### WHAT IS NEEDED:
Please retype exactly the lines from the one containing "Sitara (Earrings, Mathapatti, Choker" through the end of the records, leaving out the pictures.

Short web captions
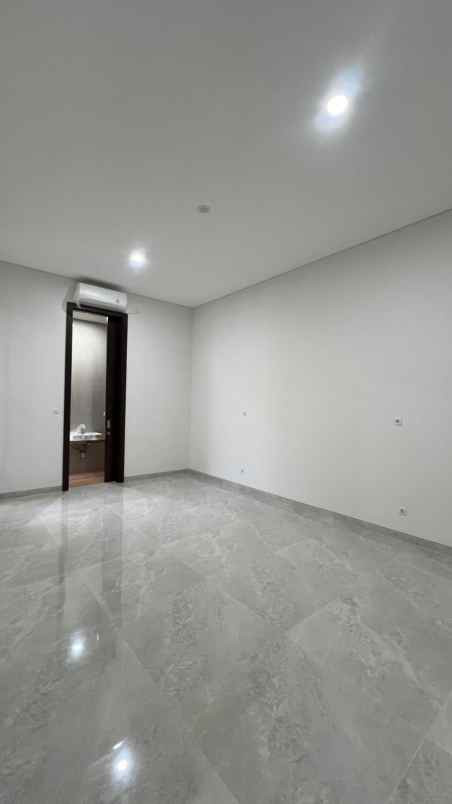 rumah besar minimalis pakuwon city grand island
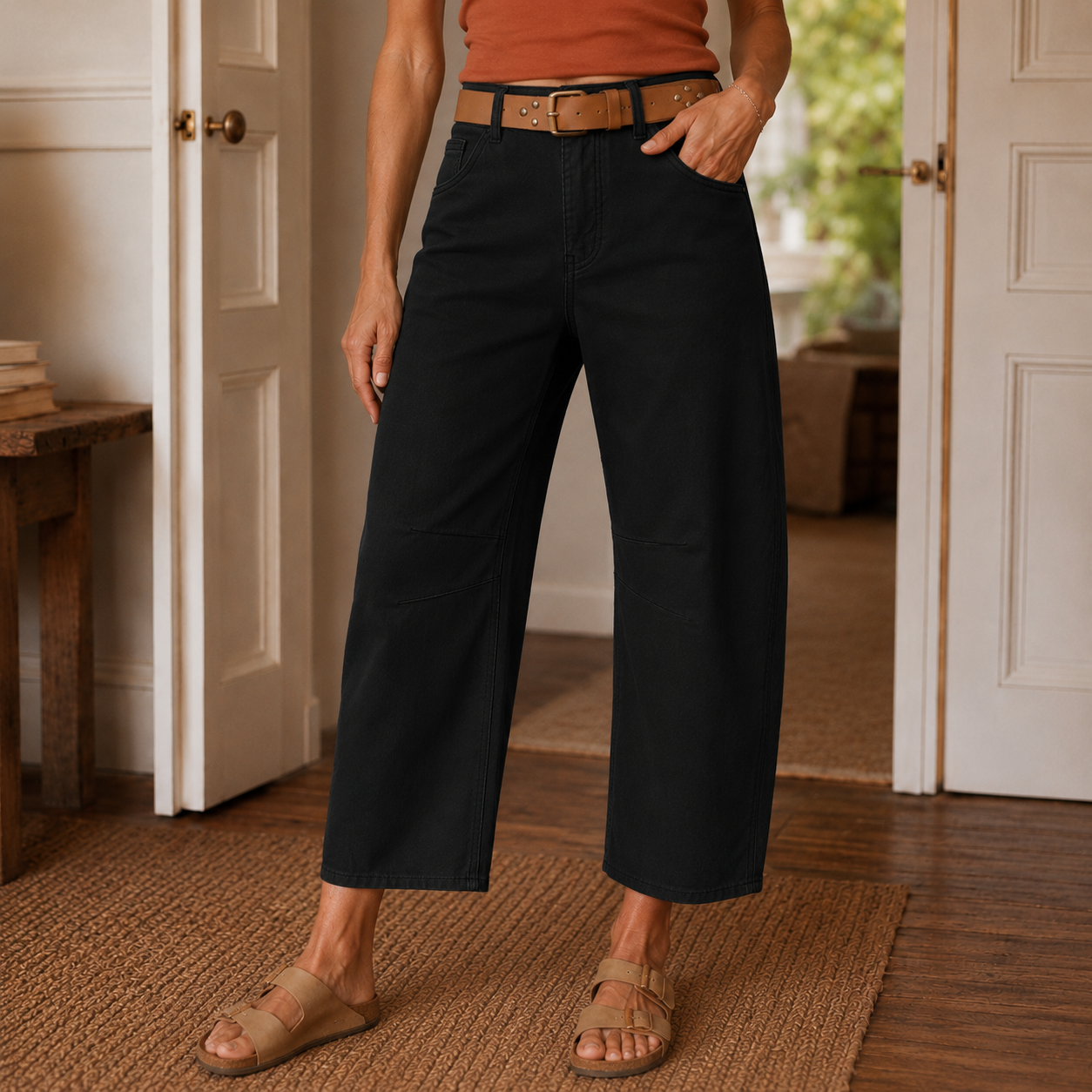 Cropelle – Stitch Detail Cropped Straight Pants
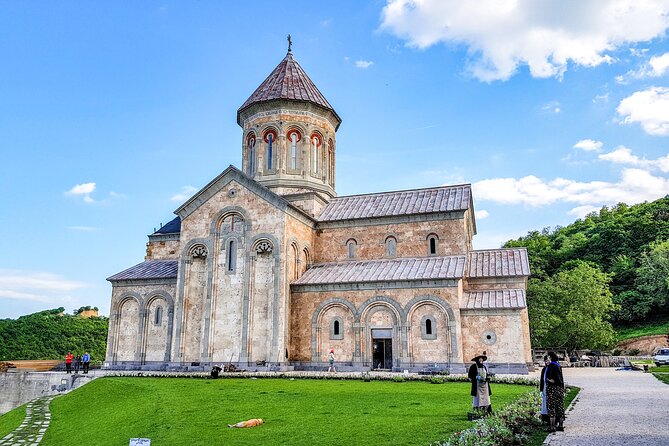 Kakheti Wine Tour for beginners - 3 wineries - Badiauri bread, cheese, and a taste of village life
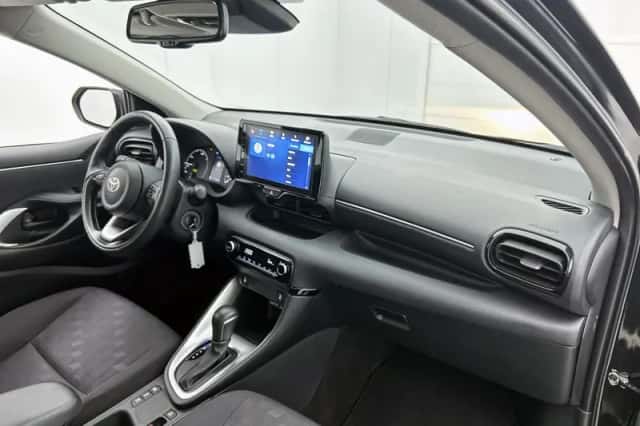 Toyota Yaris (2025) thumbnail 6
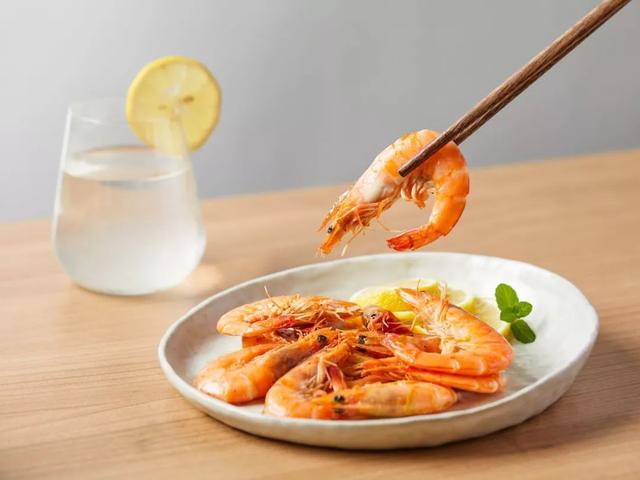 新鲜柠檬怎么吃，新鲜柠檬的吃法大全（直接兑水喝、拌沙拉，真方便）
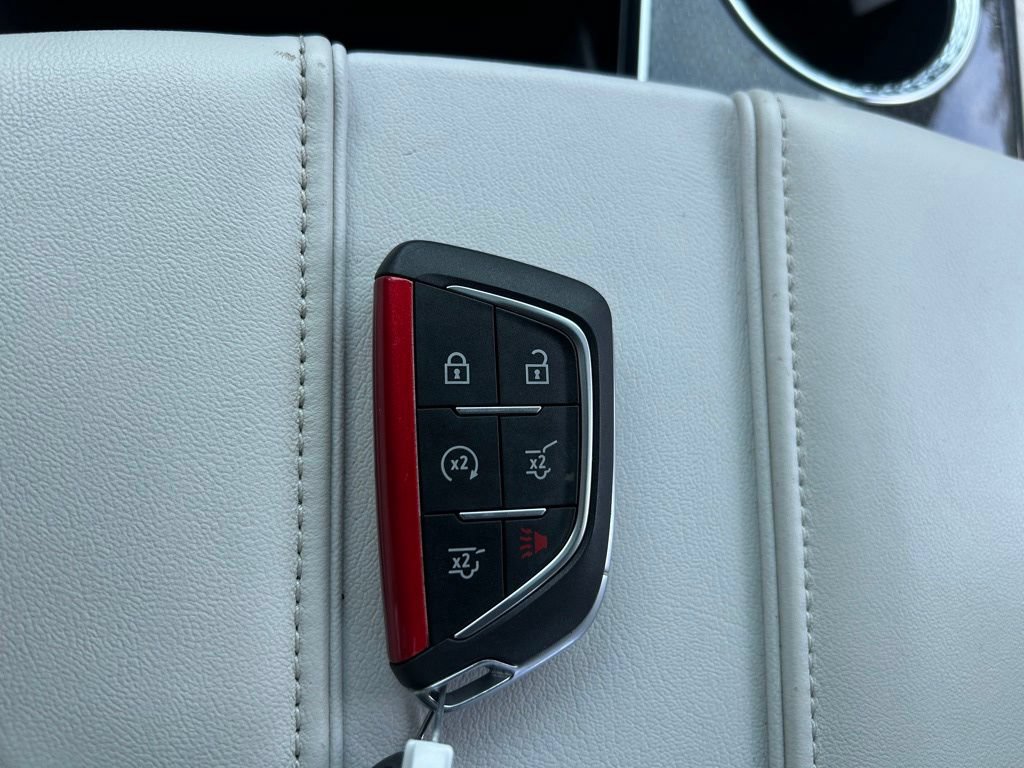 Used 2025 Cadillac Escalade V AWD/4WD image 44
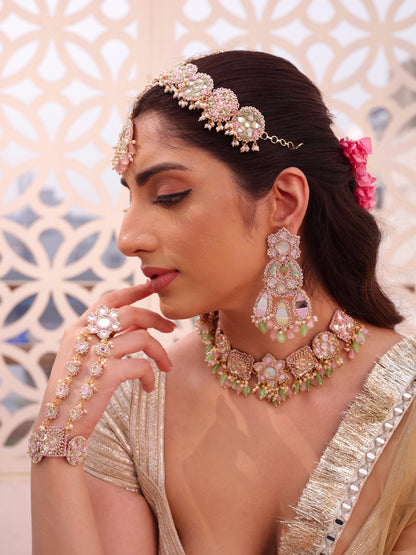 Sitara (Earrings, Mathapatti, Choker & Pair of Hathphool Set)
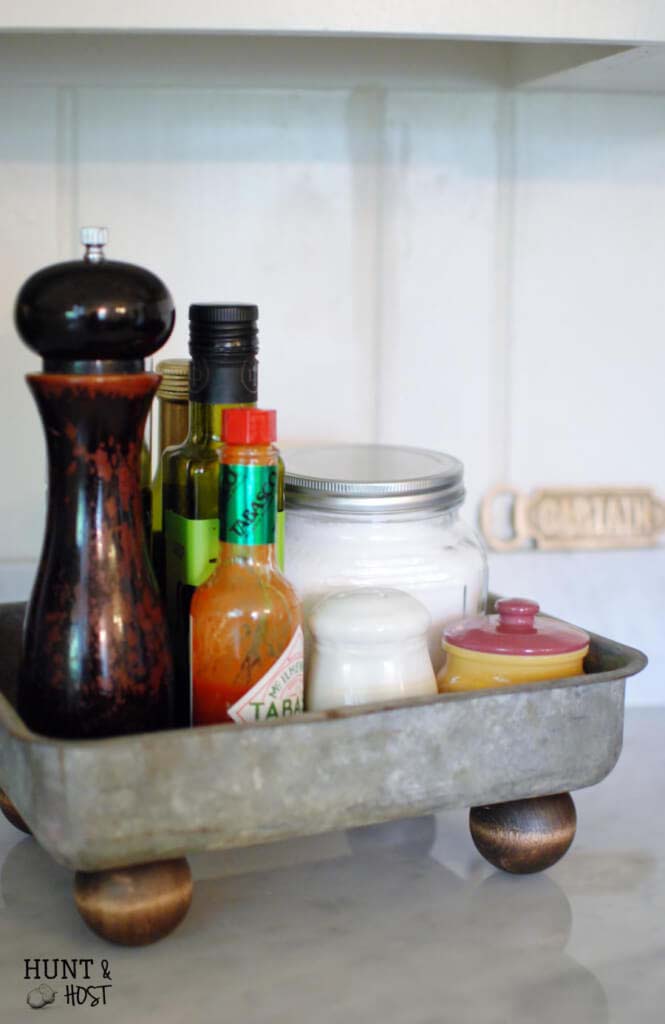 How To Make A Five Minute Farmhouse Footed Tray #rustic #storage #organization #decorhomeideas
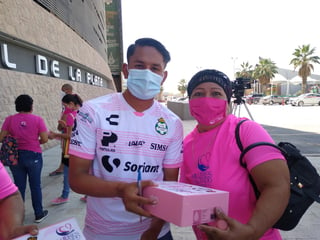 Delia no dudó en pedirle un autógrafo al futbolista de los Guerreros, Adrián Lozano, quien le hizo entrega de la prótesis. (ANGÉLICA SANDOVAL)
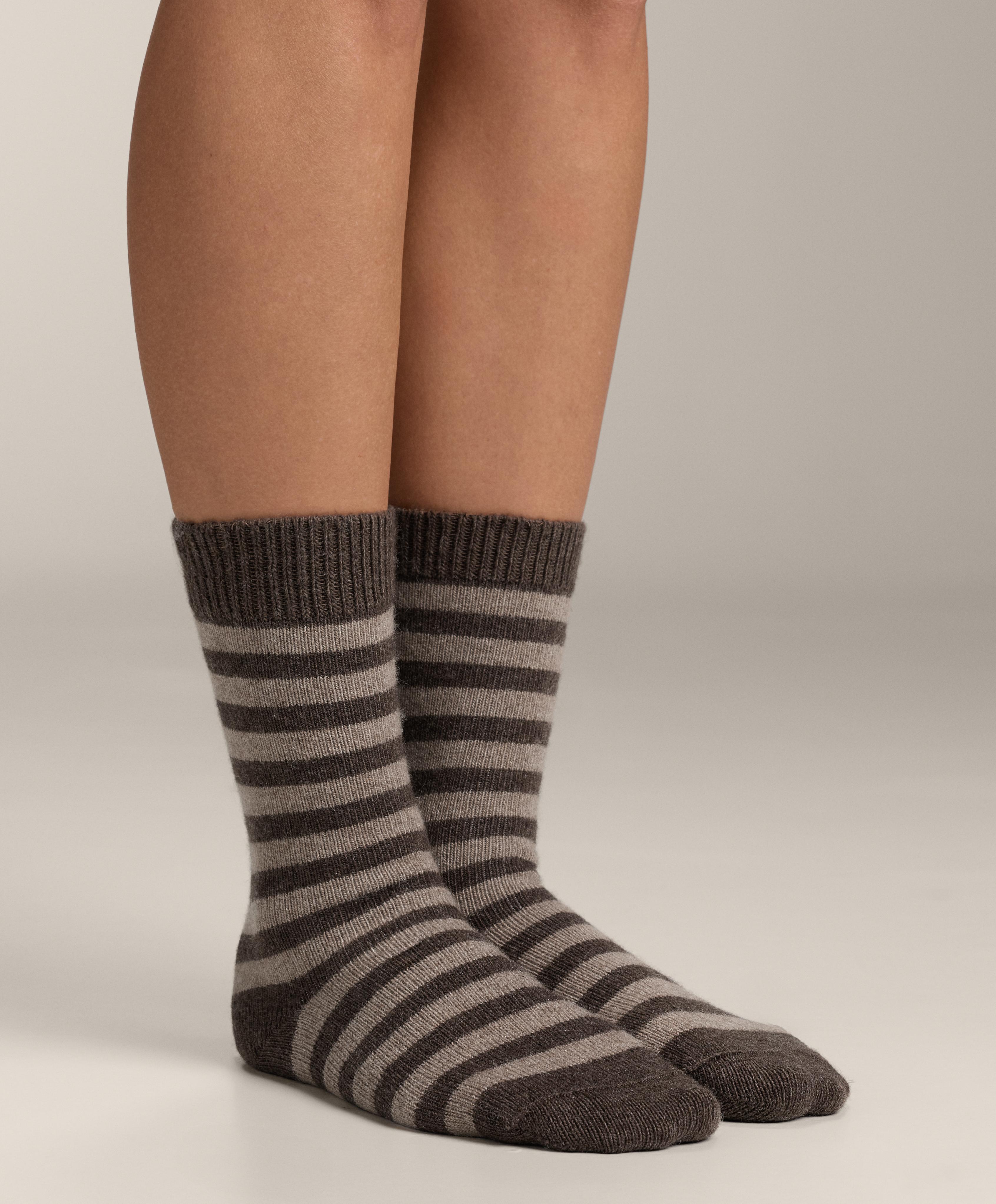 Classic socks in 19% cashmere 12% wool — DARK BROWN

### TASK RESULT:
 Sitara (Earrings, Mathapatti, Choker & Pair of Hathphool Set)
 How To Make A Five Minute Farmhouse Footed Tray #rustic #storage #organization #decorhomeideas
 Delia no dudó en pedirle un autógrafo al futbolista de los Guerreros, Adrián Lozano, quien le hizo entrega de la prótesis. (ANGÉLICA SANDOVAL)
 Classic socks in 19% cashmere 12% wool — DARK BROWN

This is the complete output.